In a previous study,
SMAD3 was significantly associated with human osteoarthritis and upregulated in human osteoarthritic cartilage, though not due to DNA methylation in the promoter region [
20,
21]. Qian et al. showed that enhancing
SMAD3 phosphorylation was associated with high metastatic potential in nonsmall cell lung cancer by downregulating E-cadherin [
22]. Furthermore, Yang et al. demonstrated that inhibiting SMAD-dependent signaling in NSCLC might repress the epithelial-mesenchymal transition and cell invasion [
23]. However,
SMAD3 is also likely to play a role as a cancer suppressor in NSCLC through other mechanisms. For example, in the study by Samanta et al., smoking promotes tumorigenicity and results from the reduction in
SMAD3 expression along with the abrogation of TGF-β-mediated growth inhibition [
9]. It was also shown that NORAD (also known as LINC00657 or LOC647979), a cytoplasmic long noncoding RNA, indirectly interacts between importin β1 and SMAD3 in NSCLC, and is widely considered as a regulator of TGF-β signaling [
10]. Therefore, the function of
SMAD3 in NSCLC might have a dual character, which deserves deeper investigation. In our study, high
SMAD3 expression was found in NSCLC cells and tissues and acts as an oncogene.
Understanding on the effects of deregulated
PAX6 expression on the development of NSCLC remains insufficient, and few studies have focused on the relationship between
SMAD3 and
PAX6. In accordance with the study by Zhao et al.,
PAX6 expression was significantly enhanced in NSCLC tissues compared with matched adjacent tissues and was associated with promoting cell cycle progression [
24]. Moreover, Zhang et al. demonstrated that
PAX6 gene methylation in NSCLC is usually associated with poor prognosis in NSCLC via a methylation-specific PCR assay [
25]. Therefore, there is research that strongly supports the assumption that PAX6 is a valid and positive prognostic marker in node-positive NSCLC patients.
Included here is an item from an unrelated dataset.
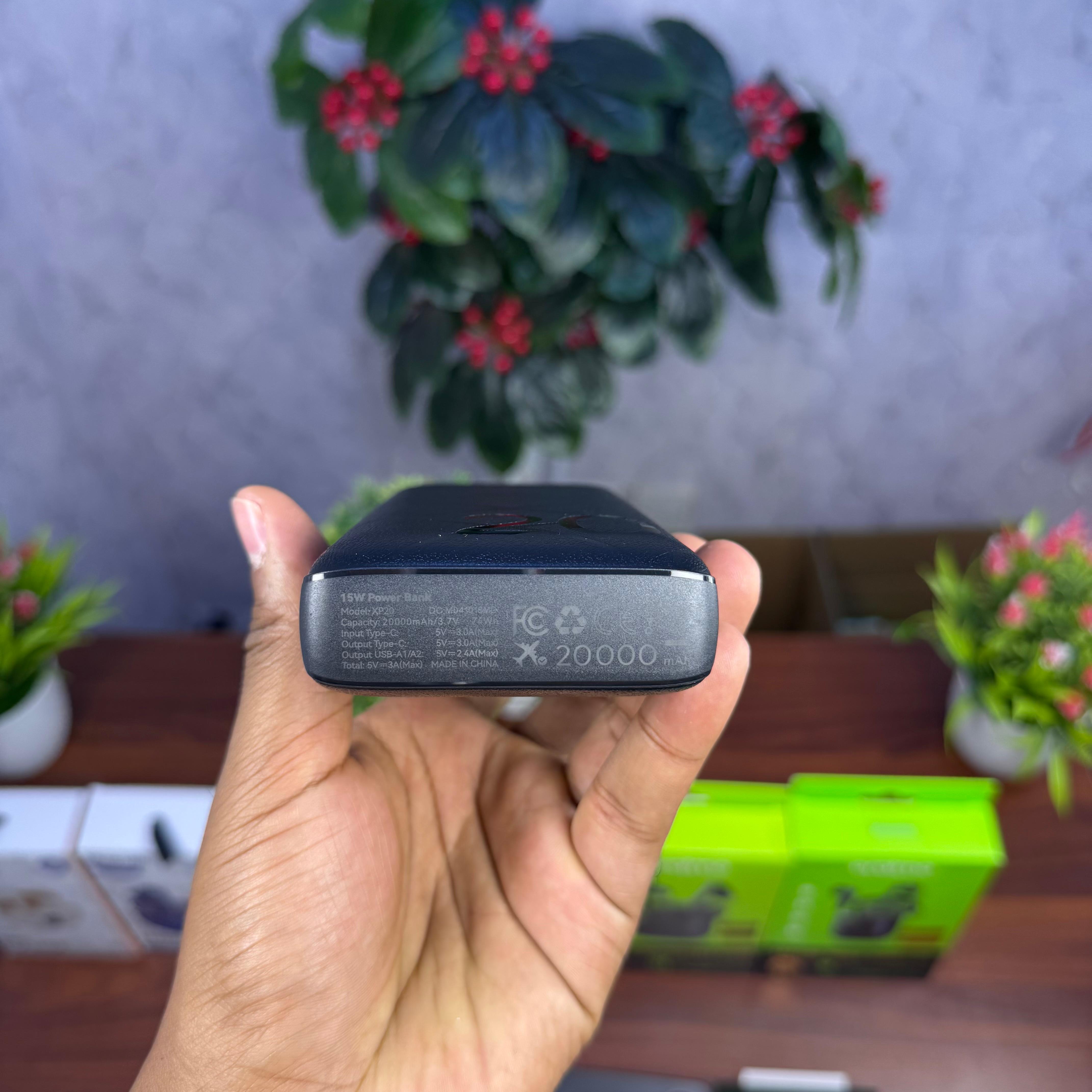 Infinix XPower 20Go 20000mAh Powerbank image 2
The relevance between SMAD3 and PAX6 has been explored. It was shown that SMAD3 interacted with PAX6 and repressed autoregulation of the PAX6 P1 promoter in NSCLC cells. Therefore, in the present study, SMAD3 and PAX6 and their interactions were deeply investigated; we found that SMAD3 expression positively promoted PAX6 transcription, which then regulated NSCLC cell migration, proliferation and viability. However, as the transfection efficiency and quantitative examination were different, comparing the effects between knocking down SMAD3 and PAX6 might make little sense, although we did find that si-SMAD3 was more effective at affecting cell migration, invasion, colony formation and proliferation than si-PAX6.
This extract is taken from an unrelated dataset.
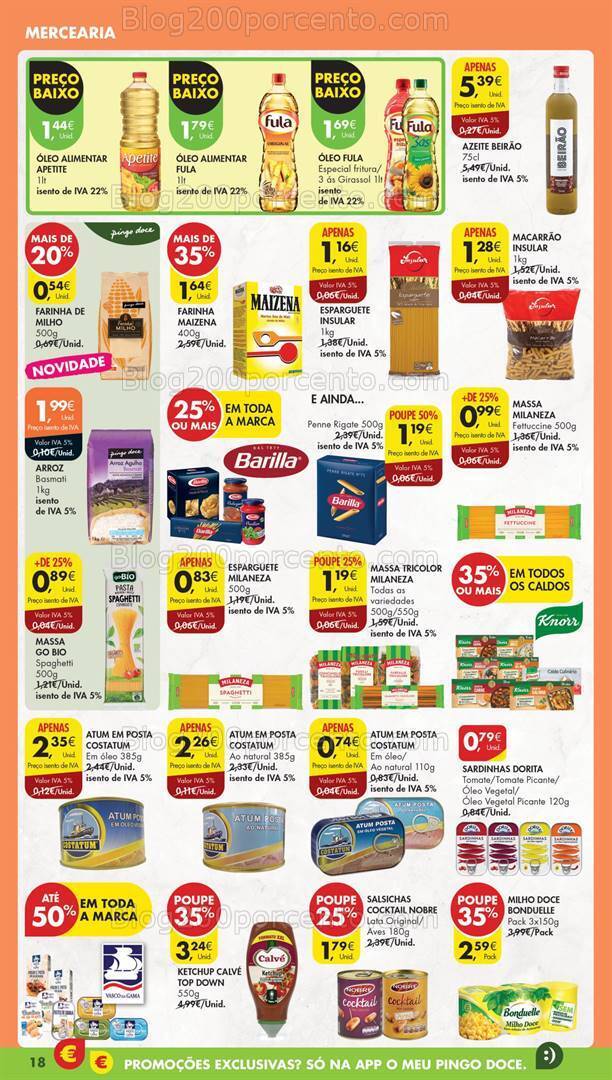 Antevisão Folheto PINGO DOCE Madeira Promoções de 31 outubro a 6 novembro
Generally, NSCLC tissues and cell lines had higher SMAD3 and PAX6 expression level than normal tissues and cell lines. Moreover, SMAD3 downregulation could inhibit PAX6 transcription, resulting in the suppression of PAX6 expression and hindering cell migration, invasion, proliferation and viability in NSCLC cells. Based on these findings, inhibiting SMAD3 and PAX6 should be further explored and may become a promising mechanism for treating nonsmall cell lung cancer in the future.
Conclusions
SMAD3 and PAX6 were upregulated in lung cancer tissues and cancer cells. Knocking down SMAD3 and PAX6 by transfection with specific siRNAs suppressed the expression of SMAD3 and PAX6 mRNA and protein levels. SMAD3 could promote PAX6 transcriptional activity via binding to its promoter. Reduced expression of SMAD3 downregulated PAX6 at the mRNA and protein levels while also decreasing cell migration, invasion, proliferation and viability in NSCLC cells. PAX6 overexpression altered the inhibitory effects of si-SMAD3 on cell migration, invasion, proliferation and viability. PAX6 knockdown alone could also inhibit A549 and HCC827 cell functions. Thus, SMAD3 promotes the progression of nonsmall cell lung cancer by upregulating PAX6 expression.